### INFORMATION PROVIDED
---*---
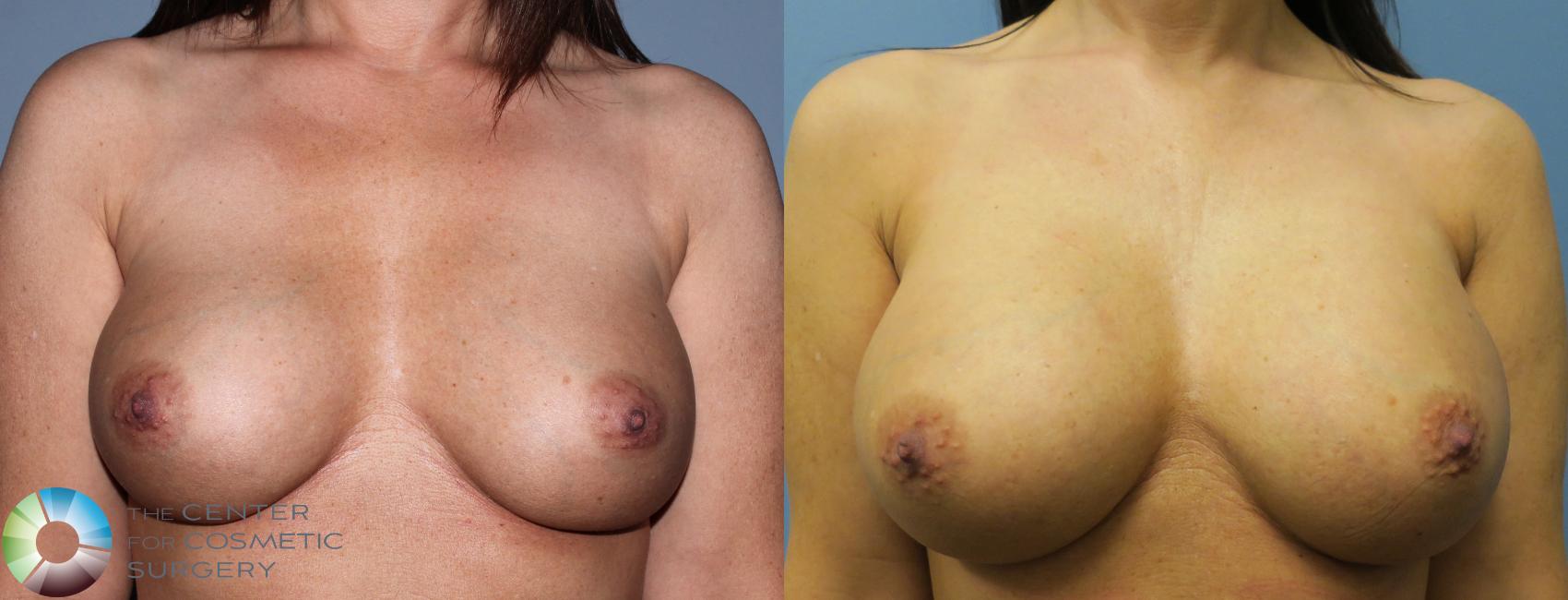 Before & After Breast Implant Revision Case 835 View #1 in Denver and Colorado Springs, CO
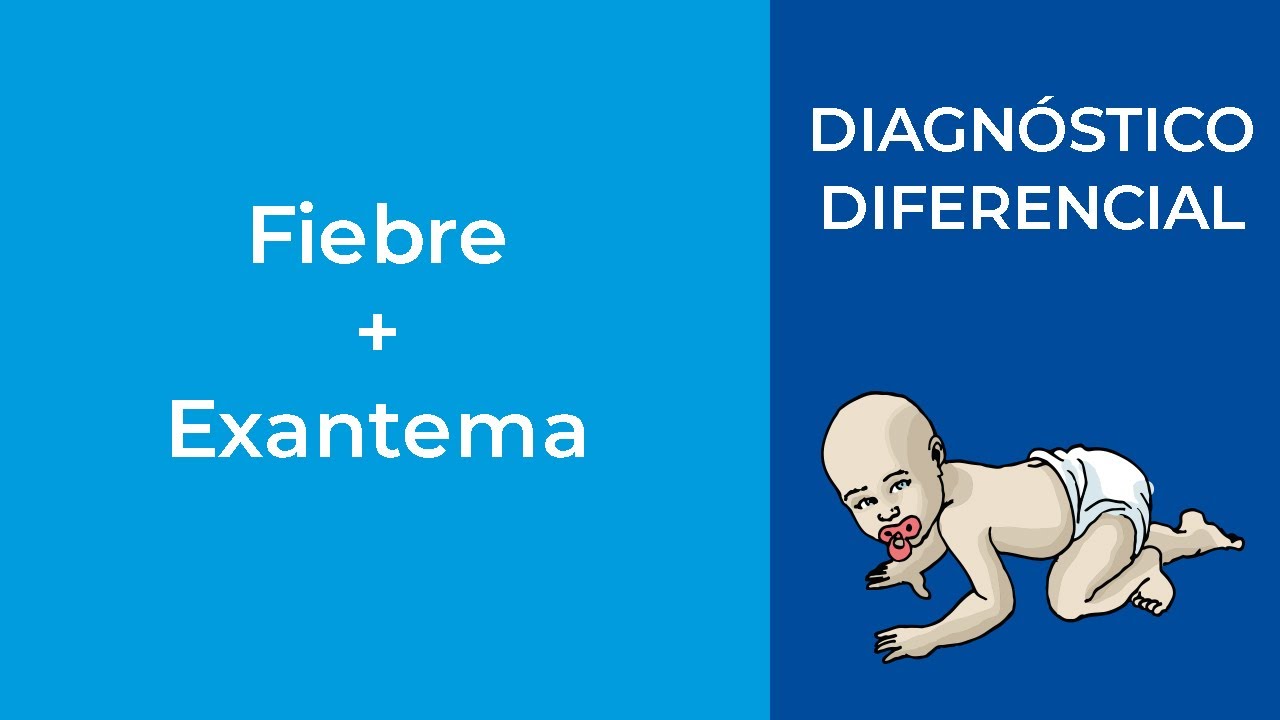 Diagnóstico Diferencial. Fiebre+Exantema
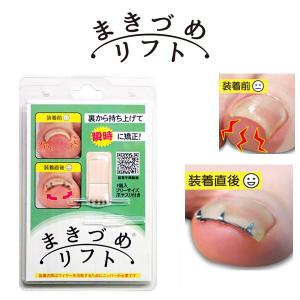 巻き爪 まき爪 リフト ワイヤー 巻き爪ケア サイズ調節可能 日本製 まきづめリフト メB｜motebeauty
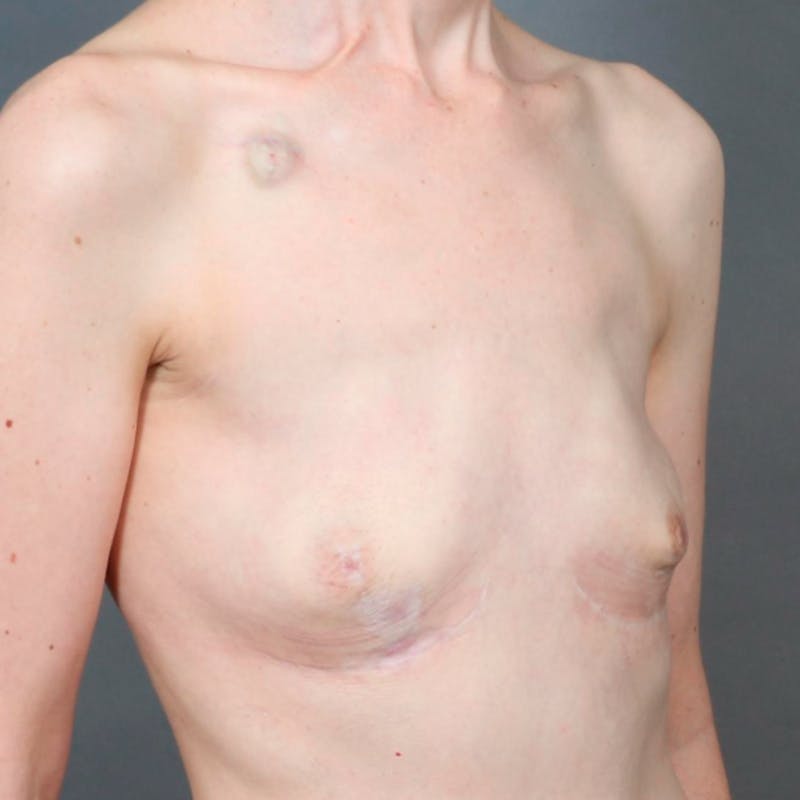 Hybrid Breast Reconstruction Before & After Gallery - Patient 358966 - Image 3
---*---
### WHAT YOU ARE ASKED TO DO
Return the material in full, word for word, and skip the pictures.

### ANSWER TO THE PROBLEM
 Before & After Breast Implant Revision Case 835 View #1 in Denver and Colorado Springs, CO
 Diagnóstico Diferencial. Fiebre+Exantema
 巻き爪 まき爪 リフト ワイヤー 巻き爪ケア サイズ調節可能 日本製 まきづめリフト メB｜motebeauty
 Hybrid Breast Reconstruction Before & After Gallery - Patient 358966 - Image 3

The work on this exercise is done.